1911 Encyclopædia Britannica/Festus
FESTUS (? Rufus or Rufius), one of the Roman writers of breviaria (epitomes of Roman history). The reference to the defeat of the Goths at Noviodunum (A.D. 369) by the emperor Valens, and the fact that the author is unaware of the constitution of Valentia as a province (which took place in the same year) are sufficient indication to fix the date of composition. Mommsen identifies the author with Rufius Festus, proconsul of Achaea (366), and both with Rufius Festus Avienus (q.v.), the translator of Aratus. But the absence of the name Rufius in the best MSS. is against this. Others take him to be Festus of Tridentum, magister memoriae (secretary) to Valens and proconsul of Asia, where he was sent to punish those implicated in the conspiracy of Theodorus, a commission which he executed with such merciless severity that his name became a byword. The work itself (Breviarium rerum gestarum populi Romani) is divided into two parts—one geographical, the other historical. The chief authorities used are Livy, Eutropius and Florus.
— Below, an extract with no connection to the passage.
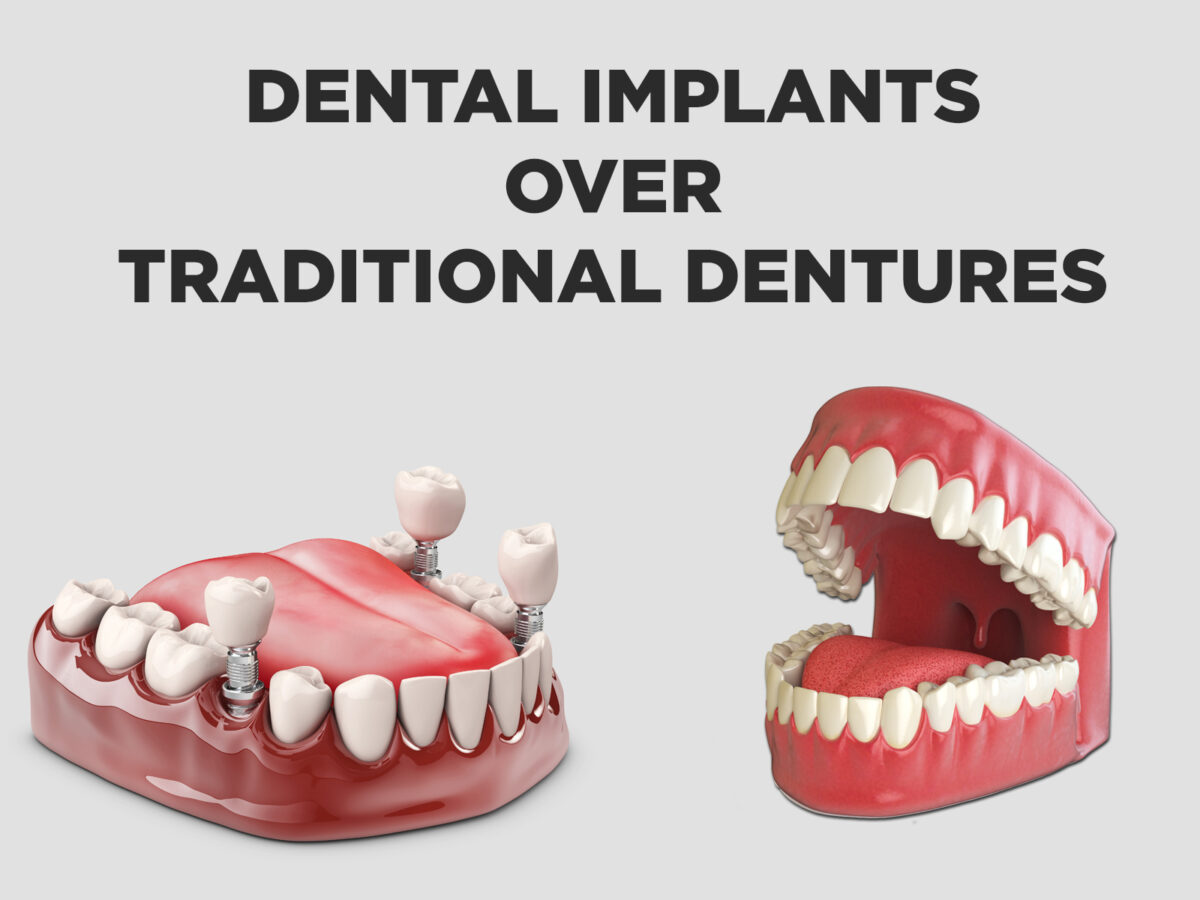 The Benefits of Dental Implants Over Traditional Dentures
It is extremely meagre, but the fact that the last part is based on the writer’s personal recollections makes it of some value for the history of the 4th century.
Editions by W. Förster (Vienna, 1873) and C. Wagener (Prague, 1886); see also R. Jacobi, De Festi breviarii fontibus (Bonn, 1874), and H. Peter, Die geschichtliche Litt. über die römische Kaiserzeit ii. p. 133 (1897), where the epitomes of Festus, Aurelius Victor and Eutropius are compared.